Getting started with MuTopia
============================
Installation
------------
MuTopia requires Python 3.11 and has a pinned dependency on scikit-learn 1.4.2
because it uses some internal GBT APIs for fast gradient-boosted tree training.
We recommend `uv `_ to manage the environment — it
resolves and installs dependencies significantly faster than pip alone, and its
lockfile-based workflow makes it easy to reproduce exact environments across machines.
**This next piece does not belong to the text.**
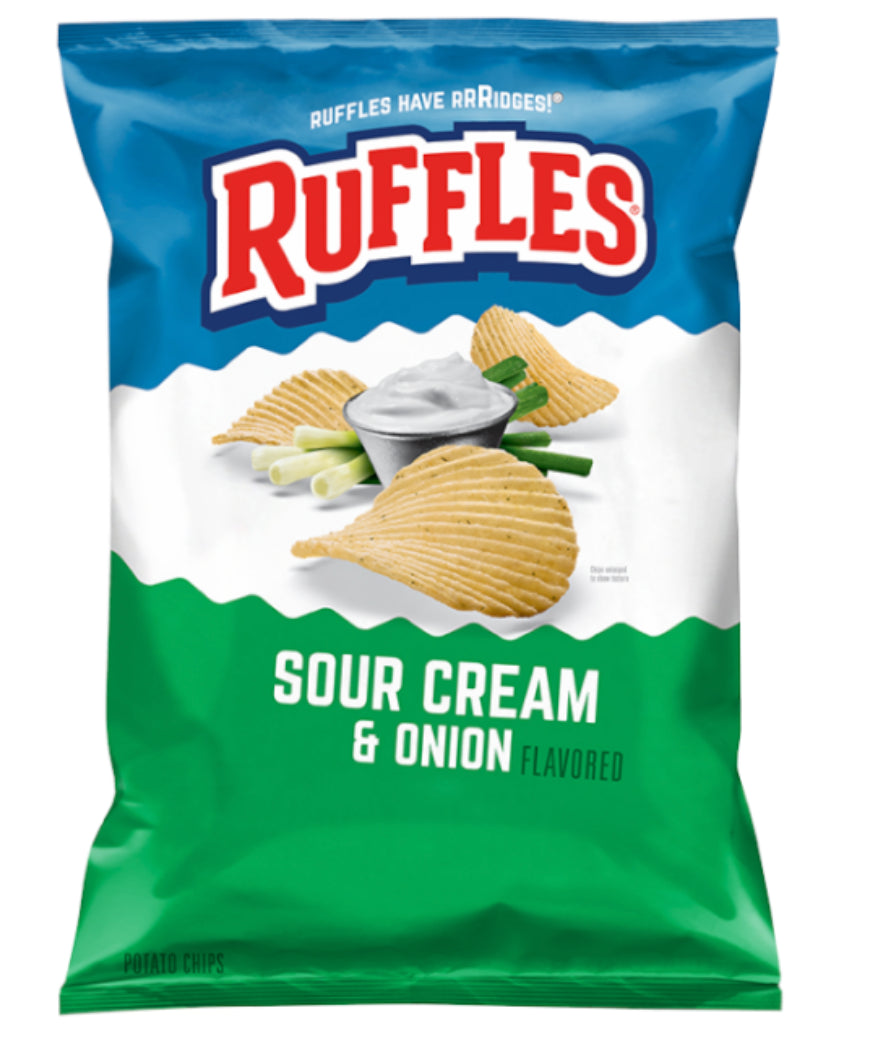 Ruffles Sour Cream & Onion 6.5oz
**With Docker (zero setup)**
The fastest way to try MuTopia is with the pre-built Docker image, which ships
with MuTopia and all the bioinformatics tools it depends on (``bedtools``,
``bcftools``, ``tabix``, UCSC ``bigWigAverageOverBed``):
.. code-block:: bash
docker pull allenlynch/mutopia:latest
# Mount your data directory and run any CLI command
docker run --rm -v "$PWD":/workspace allenlynch/mutopia:latest \
gtensor --help
For interactive use, drop into a shell inside the container:
.. code-block:: bash
docker run --rm -it -v "$PWD":/workspace allenlynch/mutopia:latest bash
**With uv (recommended for native installs)**
If you don't have uv yet, install it with the official one-liner:
.. code-block:: bash
curl -LsSf https://astral.sh/uv/install.sh | sh
Then create a Python 3.11 virtual environment and install MuTopia from PyPI:
.. code-block:: bash
uv venv --python 3.11 .venv
source .venv/bin/activate
uv pip install mutopia
**With conda / bioconda**
MuTopia is published on `bioconda `_,
which pulls in the bioinformatics tool dependencies (``bedtools``,
``bcftools``, ``tabix``, ``samtools``) automatically. Create a fresh
environment to avoid conflicts with the pinned scikit-learn version:
.. code-block:: bash
conda create -n mutopia -c conda-forge -c bioconda -y python=3.11 mutopia
conda activate mutopia
Verifying the installation
--------------------------
Check that the three command-line tools are available:
.. code-block:: bash
gtensor --help
topo-model --help
mutopia --help
If any of these fail, make sure the virtual environment is active and that its
``bin/`` directory is on your ``PATH``.
Data
----
1. **Genomic features** — Collect feature tracks in BED, bedGraph, or bigWig
format. MuTopia can ingest any combination of these; see the G-Tensor tutorial
for details.
2. **Reference genome annotations** — MuTopia needs a FASTA file, a chromsizes
file, and a blacklist. For hg38 these are included in the tutorial data bundle.
3. **Mutation data** — MuTopia accepts VCF and BCF files. Files split one sample
per file work best, though multi-sample VCFs are supported via ``-name``.
Basic workflow
--------------
1. **Build G-Tensors** from genomic features and mutation VCFs using ``gtensor compose``.
2. **Train topographic models** on the G-Tensor using ``topo-model train``.
3. **Analyze trained models** interactively with the ``mutopia.analysis`` Python API.
4. **Annotate new samples** by running ``mutopia sbs annotate-vcf`` on any VCF.